One of the most interesting examples of intellectual parochialism is the absence of the experience of India from the debates about the shape and political direction of the European Union. Geographically, India and Europe are subcontinental extensions of a single continent. They are roughly the same size, though India is both more populated and more diverse. The reason Europe dignifies itself as a separate continent has nothing to do with geography and everything to do with its erstwhile imperial dominance.

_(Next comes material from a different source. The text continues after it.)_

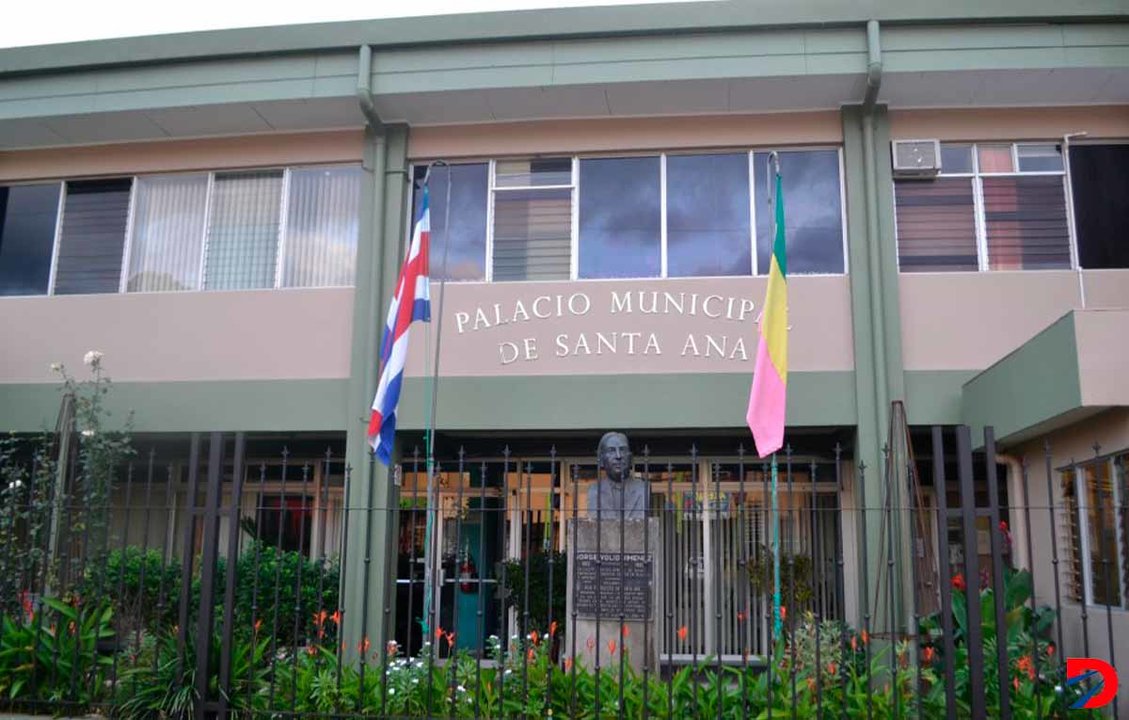 Gerardo Oviedo, exalcalde de Santa Ana, fue detenido este jueves por el OIJ pues es sospecho de cometer peculado. Foto: Municipalidad de Santa Ana.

India’s achievements and failures as a subcontinental democracy ought to interest the EU’s architects and ideologues as well as its critics. The controversy about the EU’s treatment of its poorer constituent elements like Greece, the often-resented dominance of Germany and France, the legitimacy and necessity of redistributing resources between the poorer and richer regions of a single monetary union would be richer if the experience of India, a country that incorporates radically unequal regions, was factored in. This is not to argue that India is an exemplary nation; merely to say that its experience and practice of managing difference — economic, cultural, religious, linguistic — in a pluralist way represents a living political experiment that every democrat and political thinker should refer to: as case study, inspiration or cautionary tale.
I was reminded of the significance of India’s secular and pluralist Constitution by a recent essay by a brilliant Naga academic, G. Kanato Chophy. At a time when the BJP’s explicitly majoritarian government is busy driving a coach-and-four through the rights guaranteed by the Constitution with the seeming deference of the country’s courts, it’s worth attending to a scholar who sees the republic from a vantage point very different from the heartland hubris of Narendra Modi and his disciples: “I belong to an emerging class of educated Nagas who consider themselves “constitutional Indians”; many of the young in my community, and perhaps the north-east more broadly, are culturally conservative, proud of their region’s distinctive history, tradition, language, and ethnic identity, but at the same time seeing and desiring common ground with fellow citizens in other regions of the country that have their own — sometimes almost incomprehensibly different — language, history, and culture. For a Naga, this common ground is the idea of a modern and secular India — as the truly Ambedkar-inspired Constitution defines it — not the largely elite and Brahmanical notion of a timeless Indian civilisation and tradition dating back thousands of years.”
The reason why the Indian Constitution strikes a Naga scholar from India’s borderlands as the one platform on which he can feel a sense of citizenship with other Indians is that this Constitution was shaped and framed by another scholar who wrote from the margins of Indian society, whose community had been at the receiving end of this “timeless civilisation” that now seeks to remake India in its own image, and who was, therefore, acutely aware of the need to establish citizenship on the ground of rights, not ‘culture’ or ‘civilisation’. Ambedkar’s Constitution is a living reminder that a political culture, unselfconscious about difference, that tries to co-opt people into majoritarian practice risks alienating them. This is as true of laïcité as it is of Hindutva.
“The umbilical cord connecting Nagas with mainland India... is not the cord of a shared ancient history, religion, or culture. The link is tenuous, and has to do with the ideas of equality, justice, and liberty enshrined in the Indian Constitution.” What’s true for Nagas is true in principle, or ought to be, for all Indians.